**DATA SHOWN:**
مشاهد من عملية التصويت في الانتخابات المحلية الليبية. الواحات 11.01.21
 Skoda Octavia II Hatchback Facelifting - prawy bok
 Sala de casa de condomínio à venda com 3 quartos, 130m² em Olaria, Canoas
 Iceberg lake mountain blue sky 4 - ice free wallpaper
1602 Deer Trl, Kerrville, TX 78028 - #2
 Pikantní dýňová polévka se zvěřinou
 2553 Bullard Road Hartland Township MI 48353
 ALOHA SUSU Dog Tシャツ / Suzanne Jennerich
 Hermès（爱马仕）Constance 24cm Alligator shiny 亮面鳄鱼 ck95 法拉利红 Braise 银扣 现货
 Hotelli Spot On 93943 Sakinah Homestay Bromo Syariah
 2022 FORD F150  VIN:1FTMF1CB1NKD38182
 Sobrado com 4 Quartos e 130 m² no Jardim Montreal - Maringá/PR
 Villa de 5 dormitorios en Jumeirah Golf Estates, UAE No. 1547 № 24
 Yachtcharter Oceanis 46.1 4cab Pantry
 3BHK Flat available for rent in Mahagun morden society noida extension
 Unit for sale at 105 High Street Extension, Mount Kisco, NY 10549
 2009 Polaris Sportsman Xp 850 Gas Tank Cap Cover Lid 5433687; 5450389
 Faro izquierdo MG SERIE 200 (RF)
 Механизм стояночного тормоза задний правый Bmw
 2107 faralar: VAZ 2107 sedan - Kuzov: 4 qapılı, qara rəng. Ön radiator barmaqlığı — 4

**WHAT YOU ARE ASKED TO DO:** Look above for the line that contains "3BHK Flat available". Starting there, transcribe every line exactly until you have copied the line that contains "Faro izquierdo MG SERIE 200 (RF)".

**ANSWER BOX:**
 3BHK Flat available for rent in Mahagun morden society noida extension
 Unit for sale at 105 High Street Extension, Mount Kisco, NY 10549
 2009 Polaris Sportsman Xp 850 Gas Tank Cap Cover Lid 5433687; 5450389
 Faro izquierdo MG SERIE 200 (RF)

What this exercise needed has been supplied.